Cloud DR is an Infrastructure-as-a-Service (IaaS) solution that provisions backup and recovery for critical dedicated server machines hosting enterprise-level data applications, (for example, Oracle, MySQL), located on a remote offsite cloud server.

A cloud disaster recovery system is often structured in a distributed computing, centralized storage manner to ensure ready availability of application and the security of data. Disaster recovery can be categorized into three levels based on different requirements. These include data-level, system level and application-level disaster recovery.

Data-level disaster recovery is the most fundamental among all others and guarantees the security of the application data. System level disaster recovery disaster makes recovery for operating system of application server as short as possible.

System level disaster recovery ensures recovery occurs in real-time relieving the users of the feel that any disaster occurred.

Disaster Recovery Requirements

Five major requirements, including Recovery Point Objective (RPO) , Recovery Time Objective (RTO), performance, consistency and geographical separation are discussed here.

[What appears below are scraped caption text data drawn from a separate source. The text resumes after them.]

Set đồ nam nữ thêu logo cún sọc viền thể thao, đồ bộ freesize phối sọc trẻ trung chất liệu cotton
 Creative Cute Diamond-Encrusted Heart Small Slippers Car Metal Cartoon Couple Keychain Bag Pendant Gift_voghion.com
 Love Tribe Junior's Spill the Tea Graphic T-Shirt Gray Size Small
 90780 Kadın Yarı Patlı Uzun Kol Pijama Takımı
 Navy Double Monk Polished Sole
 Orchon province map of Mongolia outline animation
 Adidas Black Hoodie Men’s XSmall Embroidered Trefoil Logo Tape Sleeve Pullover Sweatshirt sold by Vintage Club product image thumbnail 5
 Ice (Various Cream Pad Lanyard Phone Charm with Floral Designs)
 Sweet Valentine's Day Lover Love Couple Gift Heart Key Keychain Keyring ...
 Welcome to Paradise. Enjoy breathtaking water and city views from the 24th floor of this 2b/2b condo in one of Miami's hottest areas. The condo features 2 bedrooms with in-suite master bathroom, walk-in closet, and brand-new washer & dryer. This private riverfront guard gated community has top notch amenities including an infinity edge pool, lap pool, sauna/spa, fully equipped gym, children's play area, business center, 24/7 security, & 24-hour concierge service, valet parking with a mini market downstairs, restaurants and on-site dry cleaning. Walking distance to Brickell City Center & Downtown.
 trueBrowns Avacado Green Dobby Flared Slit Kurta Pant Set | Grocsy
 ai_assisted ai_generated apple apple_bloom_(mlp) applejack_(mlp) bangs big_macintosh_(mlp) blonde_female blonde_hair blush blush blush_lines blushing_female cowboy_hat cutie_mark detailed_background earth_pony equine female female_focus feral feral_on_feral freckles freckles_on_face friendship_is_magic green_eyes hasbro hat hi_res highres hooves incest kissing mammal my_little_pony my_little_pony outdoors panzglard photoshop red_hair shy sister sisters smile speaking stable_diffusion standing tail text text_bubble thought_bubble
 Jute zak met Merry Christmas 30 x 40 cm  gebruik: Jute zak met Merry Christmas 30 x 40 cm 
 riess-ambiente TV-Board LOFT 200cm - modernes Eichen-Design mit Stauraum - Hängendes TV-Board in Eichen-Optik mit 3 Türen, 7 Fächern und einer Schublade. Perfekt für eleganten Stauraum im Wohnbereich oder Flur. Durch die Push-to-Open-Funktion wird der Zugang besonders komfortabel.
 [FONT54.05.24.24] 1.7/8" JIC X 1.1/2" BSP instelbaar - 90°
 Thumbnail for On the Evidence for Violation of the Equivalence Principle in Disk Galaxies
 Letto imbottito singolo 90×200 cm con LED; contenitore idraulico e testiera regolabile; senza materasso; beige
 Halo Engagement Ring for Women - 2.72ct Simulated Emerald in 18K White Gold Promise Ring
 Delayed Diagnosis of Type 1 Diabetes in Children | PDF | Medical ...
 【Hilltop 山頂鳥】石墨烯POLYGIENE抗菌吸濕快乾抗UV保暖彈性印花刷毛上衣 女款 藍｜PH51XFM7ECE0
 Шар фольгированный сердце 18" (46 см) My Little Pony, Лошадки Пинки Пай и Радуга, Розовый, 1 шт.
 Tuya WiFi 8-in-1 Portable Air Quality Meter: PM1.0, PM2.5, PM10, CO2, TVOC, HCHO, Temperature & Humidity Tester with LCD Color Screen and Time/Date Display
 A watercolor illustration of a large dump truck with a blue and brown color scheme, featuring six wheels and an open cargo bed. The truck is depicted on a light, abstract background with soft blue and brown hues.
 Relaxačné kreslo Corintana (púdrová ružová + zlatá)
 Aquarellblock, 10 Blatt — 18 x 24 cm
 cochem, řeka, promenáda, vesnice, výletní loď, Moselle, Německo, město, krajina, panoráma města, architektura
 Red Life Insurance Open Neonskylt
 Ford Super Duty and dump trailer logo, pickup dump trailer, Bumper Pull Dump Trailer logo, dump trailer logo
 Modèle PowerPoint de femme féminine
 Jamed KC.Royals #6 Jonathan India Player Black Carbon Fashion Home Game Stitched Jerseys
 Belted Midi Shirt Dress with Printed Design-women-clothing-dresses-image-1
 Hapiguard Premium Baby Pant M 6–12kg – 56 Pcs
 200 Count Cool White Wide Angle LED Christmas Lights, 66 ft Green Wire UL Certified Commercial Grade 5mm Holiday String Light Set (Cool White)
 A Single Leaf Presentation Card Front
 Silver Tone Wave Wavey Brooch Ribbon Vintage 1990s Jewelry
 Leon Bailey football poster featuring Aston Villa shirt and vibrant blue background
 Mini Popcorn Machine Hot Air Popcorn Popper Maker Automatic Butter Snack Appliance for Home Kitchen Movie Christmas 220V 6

These requirements are influenced by factors like actual cost of system downtime or data loss, correctness and application performance:

Recovery Point Objective (RPO)

The RPO of a DR system depicts the point in time of the most recent backup prior to the event of a disaster or failure. RPO is affected by a business decision, either to allows a no data loss for some applications via a continuous synchronous replication process with RPO=0, while on the other hand, it permits some level of data loss for some other applications, which could range from a few seconds to days as the case may be.

Recovery Time Objective (RTO)

The RTO is an impertinent business decision that determines the duration it takes an application to be restored back online in the event of a failure.

This includes the required time for failure detection, configure any required servers in the backup site (virtual or physical), initialize the failed application, and perform the network reconfiguration required to reroute requests from the original site to the backup site so the application can be used.

The application type and backup technique determine the process to be executed next. Such processes may include the verification of the integrity of state or performing application specific data restore operations and require careful scheduling of recovery tasks to be done efficiently.

It should be noted that a very low RTO ensures continuous running of business such that an application seamlessly continues to run despite a disaster.

Performance

Disaster recovery service must allows a minimal impact on the performance of each application being protected under failure-free operation for it to be useful.

The impact of DR on performance can be direct or indirect. Direct impact involves operations like synchronous replication that allows application write not to return until it is committed remotely.

However, with indirect impact, disk and network bandwidth resources are consumed which could have otherwise been used by the application.

Consistency

This ensures that an application regains a consistent state after a failure occurs. To achieve this, the DR mechanism often requires application-specific settings that guarantee proper replication of all relevant state of the application on the backup site.

Similarly, the DR system assumes a consistent copy of the pertinent state of an application to be made available on disk, and leverage on a disk replication scheme to create consistent copies at the desktop site.

Geographic Separation

This ensures that both the primary and backup sites are located at separate geographical locations such that they are not affected by a single or similar disaster at the same time.

This requirement is challenged by higher WAN bandwidth costs due to increased distance and greater network latency.